Other cables include details of how:
- US intelligence believes Iran has obtained advanced missiles from North Korea capable of striking Europe.
- Yemeni president Ali Abdullah Saleh admits covering up US military strikes on Al Qaeda in Yemen by claiming they are carried out by Yemeni forces.
- A US diplomat told the State Department that German chancellor Angela Merkel is "risk averse and rarely creative".
- Since 2007 the US has mounted a secret and so far unsuccessful effort to remove highly enriched uranium from a Pakistani research reactor out of fear it could be diverted for use in an illicit nuclear device.
- Afghanistan's vice-president Ahmed Zia Massoud was carrying $US52 million in cash that a cable from the American embassy in Kabul said he "was ultimately allowed to keep without revealing the money's origin or destination" when he visited the United Arab Emirates last year.
- Slovenia was told to take a prisoner from Guantanamo Bay if it wanted to meet with US president Barack Obama.
- In another case, accepting more prisoners was described as "a low-cost way for Belgium to attain prominence in Europe".
WikiLeaks gave the cables to the newspapers despite warnings from US officials that doing so would endanger lives and was against the law.
The New York Times said the collection "provides an unprecedented look at backroom bargaining by embassies around the world, brutally candid views of foreign leaders and frank assessments of nuclear and terrorist threats".
The White House has reacted angrily to the release of the documents, calling it "reckless and dangerous action".
"To be clear, such disclosures put at risk our diplomats, intelligence professionals, and people around the world who come to the United States for assistance in promoting democracy and open government," White House press secretary Robert Gibbs said in a statement.
"[President Barack Obama] supports responsible, accountable, and open government at home and around the world, but this reckless and dangerous action runs counter to that goal.
"We condemn in the strongest terms the unauthorised disclosure of classified documents and sensitive national security information."
WikiLeaks 'under attack'
Just hours before the release, WikiLeaks said its website was under attack.But WikiLeaks founder Julian Assange said that would not stop the newspapers revealing the contents of the cables.
Earlier, the US State Department wrote to Mr Assange urging him not to go ahead with the release of the documents.
In the letter, the US State Department warned WikiLeaks was endangering countless innocent lives and placing ongoing military operations at risk.
But the US ruled out negotiating with Mr Assange and has been scrambling to contain the fallout.
US secretary of state Hillary Clinton has been making calls to allies around the world to head off any possible diplomatic stoushes.
America's top military officer, chairman of the joint chiefs of staff Admiral Mike Mullen, says lives and military operations are at risk with this latest release.
"I think it's a very, very dangerous precedent," he said.
"What I don't think those who are in charge of WikiLeaks understand is we live in a world where just a little bitty piece of information can be added to a network of information and really open up an understanding that just wasn't there before."
Liz Cheney, a former State Department official and daughter of former US vice-president Dick Cheney, has called for the WikiLleaks website to be shut down.
"It could be potentially very damaging and we know the last dump of WikiLeaks documents, in fact, put people's lives at risk - people that we had been working with in Afghanistan and Iraq," she said.

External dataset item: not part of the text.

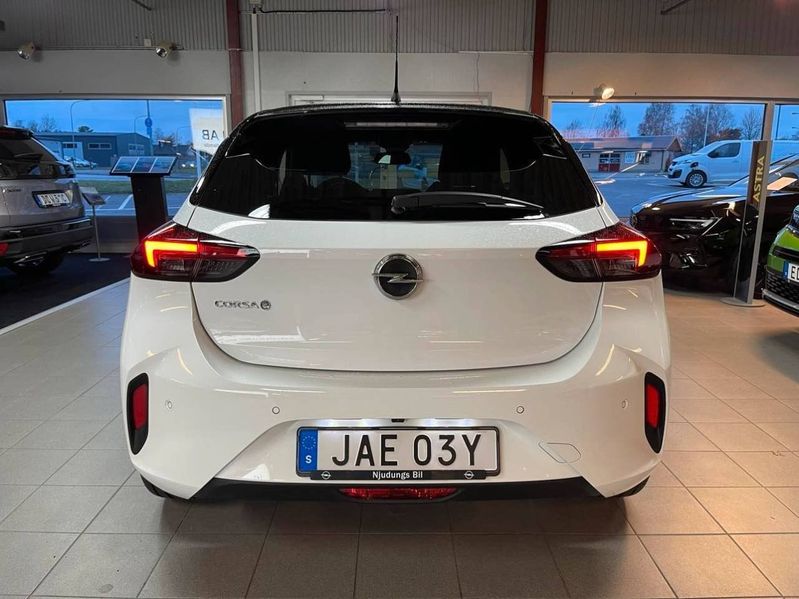 Opel Corsa-e bild 5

"I think once again the government of Iceland ought to shut down that website. I think they ought to stop allowing this stuff to come out of the website in Iceland and I think the administration ought to be focused very much on prosecuting those responsible."
An army private who served as an intelligence analyst in Iraq remains under suspicion for this latest leak.
Mr Assange makes no apologies and says as far he is aware no-one has ever come to harm because of WikiLeaks actions.